* _Exercise goal_: Only the text belongs in the copy. Transcribe the data exactly and drop any pictures.

(Short text fragments from websites)

☆ ☆ ☆ ☆

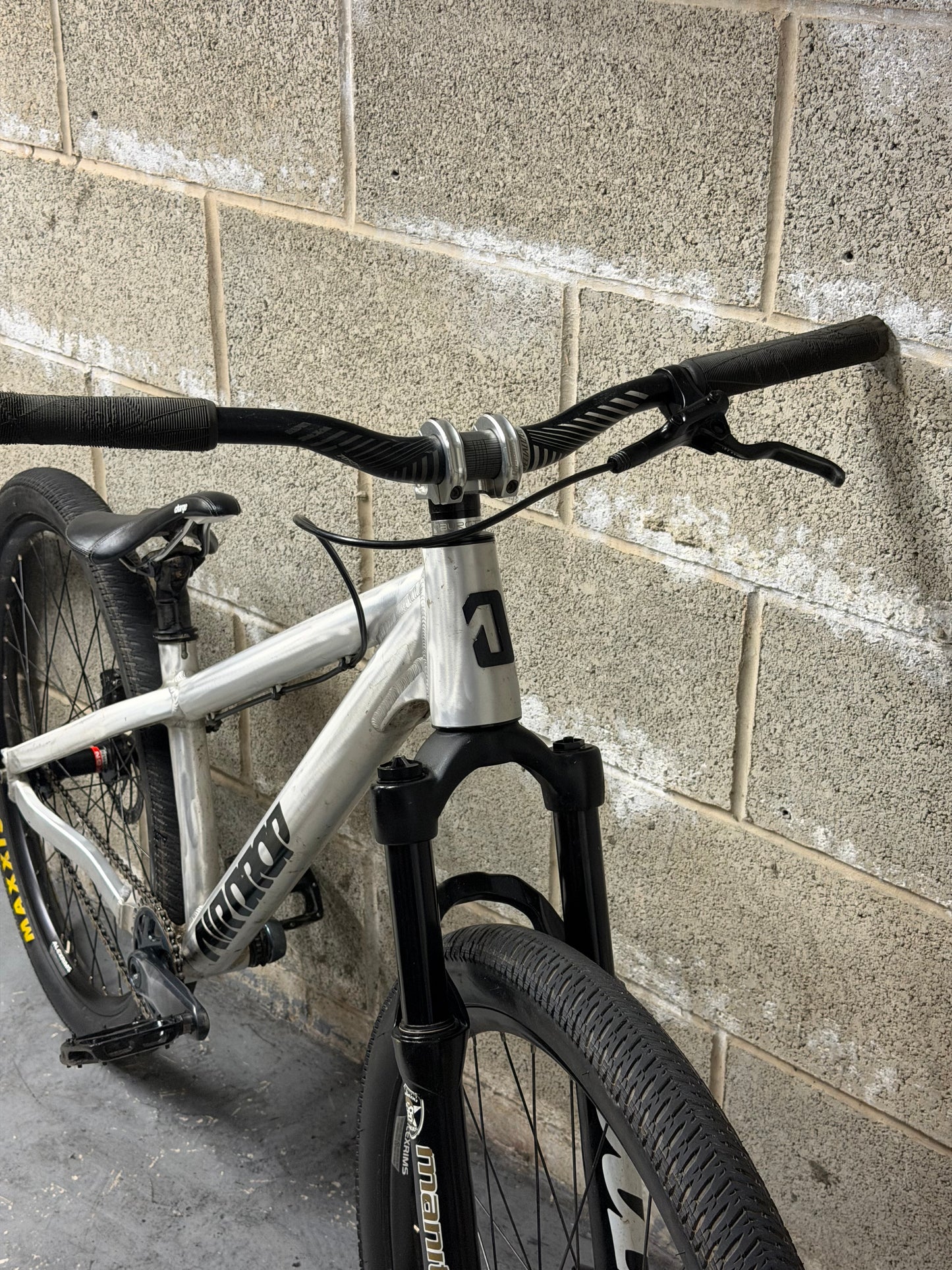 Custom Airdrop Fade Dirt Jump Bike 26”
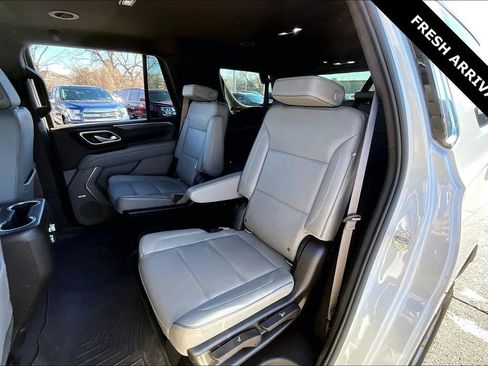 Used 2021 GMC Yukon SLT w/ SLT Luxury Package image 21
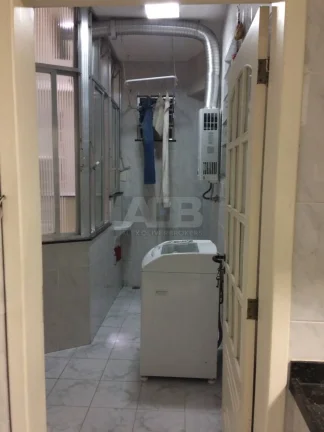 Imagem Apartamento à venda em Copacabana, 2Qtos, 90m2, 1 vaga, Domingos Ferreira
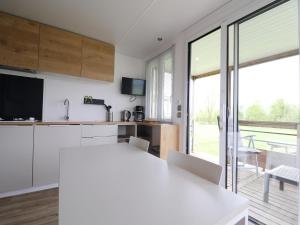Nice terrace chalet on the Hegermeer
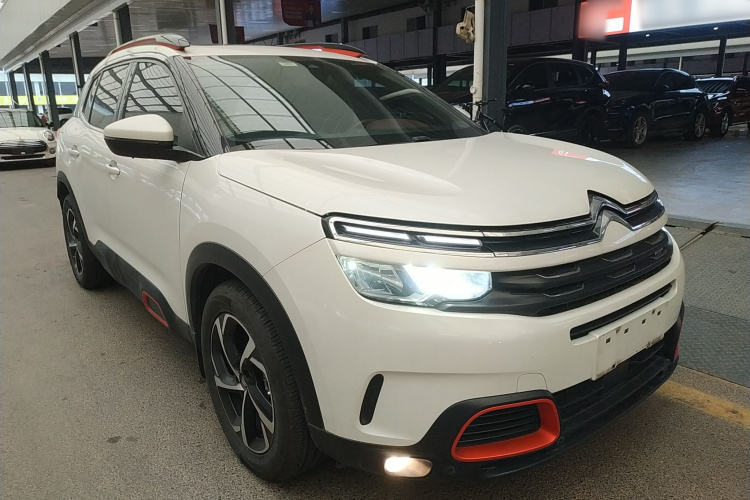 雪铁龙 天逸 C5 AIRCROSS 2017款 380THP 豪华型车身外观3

☆ ☆ ☆ ☆

* _Reply_:
 Custom Airdrop Fade Dirt Jump Bike 26”
 Used 2021 GMC Yukon SLT w/ SLT Luxury Package image 21
 Imagem Apartamento à venda em Copacabana, 2Qtos, 90m2, 1 vaga, Domingos Ferreira
Nice terrace chalet on the Hegermeer
 雪铁龙 天逸 C5 AIRCROSS 2017款 380THP 豪华型车身外观3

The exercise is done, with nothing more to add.